ANORTHUMBERLAND man hopes to have a tourist site up and running within a year after winning a planning appeal against the National Park.

Rob Cocker is going full steam ahead with his bunkhouse-and-bothies development at Lanehead, near Tarset in the North Tyne Valley.

Lanehead villagers opposed the scheme and he was refused permission for the five-acre development by the National Park Authority last October but took the authority to appeal - and won.

Now Rob, 46, and his partner Claire Briggs will make the small holiday business their livelihood.

He said: "It became a hot potato in the village and we feel a bit battered after all we've gone through.

"Getting the notification of the appeal victory was particularly joyous and now all we want to do is live there and make a go of the business. There have been difficult times, but we really do think the village will come over to us when they see what we are doing."

Appeal Inspector Wenda Fabian said she accepted the development as "small scale" - it has a bunkhouse and five bothies with a maximum 30 bed spaces.

She added: "The proposal would sit easily within this sparse, widely-spaced settlement. The whole development would, with time, be further assimilated into the landscape and softened by the provision of new planting."

The National Park Authority had said it would bring "over-intensified development" and be highly visible from a prominent, elevated position, with detrimental impact on amenity.

But Mrs Fabian ruled: "Each of the proposed buildings would be at a significant distance from neighbouring dwellings.

"I have seen little to convince me that the possible noise and disturbance arising from this type of activity would be materially greater than that which might arise from time to time at any residential property in the area, or at the village hall."

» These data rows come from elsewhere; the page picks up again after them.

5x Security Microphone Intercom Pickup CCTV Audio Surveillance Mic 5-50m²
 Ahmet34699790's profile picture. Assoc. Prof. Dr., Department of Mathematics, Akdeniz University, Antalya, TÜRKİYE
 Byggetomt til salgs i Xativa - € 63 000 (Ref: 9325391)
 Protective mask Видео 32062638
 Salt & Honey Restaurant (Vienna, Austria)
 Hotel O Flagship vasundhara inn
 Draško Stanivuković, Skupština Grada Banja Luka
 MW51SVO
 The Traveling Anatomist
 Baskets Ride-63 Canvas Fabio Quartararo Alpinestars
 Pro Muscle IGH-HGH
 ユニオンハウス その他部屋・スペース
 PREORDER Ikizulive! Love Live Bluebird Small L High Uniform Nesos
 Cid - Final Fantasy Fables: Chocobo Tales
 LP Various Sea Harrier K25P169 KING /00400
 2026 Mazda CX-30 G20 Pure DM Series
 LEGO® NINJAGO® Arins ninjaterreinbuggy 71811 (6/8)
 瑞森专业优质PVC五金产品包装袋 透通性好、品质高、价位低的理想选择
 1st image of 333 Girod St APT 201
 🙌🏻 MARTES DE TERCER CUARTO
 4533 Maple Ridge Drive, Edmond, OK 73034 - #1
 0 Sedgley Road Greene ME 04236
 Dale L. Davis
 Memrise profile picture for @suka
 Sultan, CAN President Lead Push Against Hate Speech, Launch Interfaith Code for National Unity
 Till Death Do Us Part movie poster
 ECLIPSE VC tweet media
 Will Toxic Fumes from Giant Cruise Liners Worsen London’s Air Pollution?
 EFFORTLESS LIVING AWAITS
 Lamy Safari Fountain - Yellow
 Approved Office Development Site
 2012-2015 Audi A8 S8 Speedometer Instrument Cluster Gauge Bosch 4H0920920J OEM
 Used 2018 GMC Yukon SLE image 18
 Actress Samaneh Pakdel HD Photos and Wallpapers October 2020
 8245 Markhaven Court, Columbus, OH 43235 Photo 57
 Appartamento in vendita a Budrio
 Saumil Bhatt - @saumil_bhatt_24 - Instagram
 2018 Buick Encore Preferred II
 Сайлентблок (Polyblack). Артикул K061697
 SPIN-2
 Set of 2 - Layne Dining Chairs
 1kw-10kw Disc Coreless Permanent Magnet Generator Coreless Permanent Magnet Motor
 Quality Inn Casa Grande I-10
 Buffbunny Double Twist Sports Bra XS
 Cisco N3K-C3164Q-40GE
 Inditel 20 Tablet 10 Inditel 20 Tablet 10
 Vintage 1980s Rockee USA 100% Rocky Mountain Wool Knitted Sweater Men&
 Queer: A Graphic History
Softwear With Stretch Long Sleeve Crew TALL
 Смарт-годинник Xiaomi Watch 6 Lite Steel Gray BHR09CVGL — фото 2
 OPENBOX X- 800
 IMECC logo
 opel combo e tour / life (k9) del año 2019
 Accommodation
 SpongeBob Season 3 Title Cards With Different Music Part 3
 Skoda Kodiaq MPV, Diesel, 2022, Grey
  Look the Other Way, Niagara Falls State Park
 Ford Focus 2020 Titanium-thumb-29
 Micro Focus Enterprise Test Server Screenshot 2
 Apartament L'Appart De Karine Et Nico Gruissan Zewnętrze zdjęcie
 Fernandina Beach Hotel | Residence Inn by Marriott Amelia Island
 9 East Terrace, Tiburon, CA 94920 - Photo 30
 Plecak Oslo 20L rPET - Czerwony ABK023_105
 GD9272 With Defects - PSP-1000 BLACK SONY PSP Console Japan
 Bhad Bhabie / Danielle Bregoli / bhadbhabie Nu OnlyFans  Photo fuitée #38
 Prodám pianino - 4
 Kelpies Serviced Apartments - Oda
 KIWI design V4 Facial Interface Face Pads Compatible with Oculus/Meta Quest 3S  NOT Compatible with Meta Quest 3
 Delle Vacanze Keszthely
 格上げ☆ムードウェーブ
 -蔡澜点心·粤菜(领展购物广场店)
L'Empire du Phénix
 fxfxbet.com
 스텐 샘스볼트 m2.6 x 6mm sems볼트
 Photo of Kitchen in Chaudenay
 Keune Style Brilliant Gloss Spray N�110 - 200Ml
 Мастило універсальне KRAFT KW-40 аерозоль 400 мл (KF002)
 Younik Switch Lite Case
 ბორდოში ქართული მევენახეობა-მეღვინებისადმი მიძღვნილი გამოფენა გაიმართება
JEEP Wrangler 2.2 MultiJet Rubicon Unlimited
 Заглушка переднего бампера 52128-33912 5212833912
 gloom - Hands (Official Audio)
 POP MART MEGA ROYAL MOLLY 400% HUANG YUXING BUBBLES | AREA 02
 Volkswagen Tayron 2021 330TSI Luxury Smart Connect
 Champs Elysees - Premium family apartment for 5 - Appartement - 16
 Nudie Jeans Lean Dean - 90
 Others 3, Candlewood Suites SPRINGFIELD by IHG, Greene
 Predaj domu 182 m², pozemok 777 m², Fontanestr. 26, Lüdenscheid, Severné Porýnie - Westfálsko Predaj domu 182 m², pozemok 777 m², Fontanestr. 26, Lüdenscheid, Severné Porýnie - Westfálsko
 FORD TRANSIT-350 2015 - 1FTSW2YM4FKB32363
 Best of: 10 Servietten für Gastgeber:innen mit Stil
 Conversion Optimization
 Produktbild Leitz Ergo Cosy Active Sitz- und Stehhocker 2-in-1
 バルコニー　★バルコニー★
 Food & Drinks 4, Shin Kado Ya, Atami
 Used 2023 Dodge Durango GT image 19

Anthony Murray, chairman of the Northumberland National Park development management committee, said he was "upset" at the outcome of the appeal.

He added: "Whilst the committee supported the general principle of tourism development on the site, which is in line with our planning policies, we considered that key aspects of this particular scheme were not in keeping with the character of Lanehead or the wider landscape.

"We felt it had a negative impact on the special qualities of the National Park."

But Mr Cocker, a former councillor in Kendal, Cumbria, said: "Because of having been a councillor, I know how these things work and studied everything carefully before deciding to go for it.

"We were always obeying the rules in the management plan. Officers assessed eight communities within the National Park which were suitable for local needs - and this is one of them."

NPA Chairman John Riddle said: "This application was finely poised between the authority's policy to support the local economy and its statutory purpose to protect the National Park landscape.

"Every planning application has a unique set of circumstances and in this case the inspector had a different view."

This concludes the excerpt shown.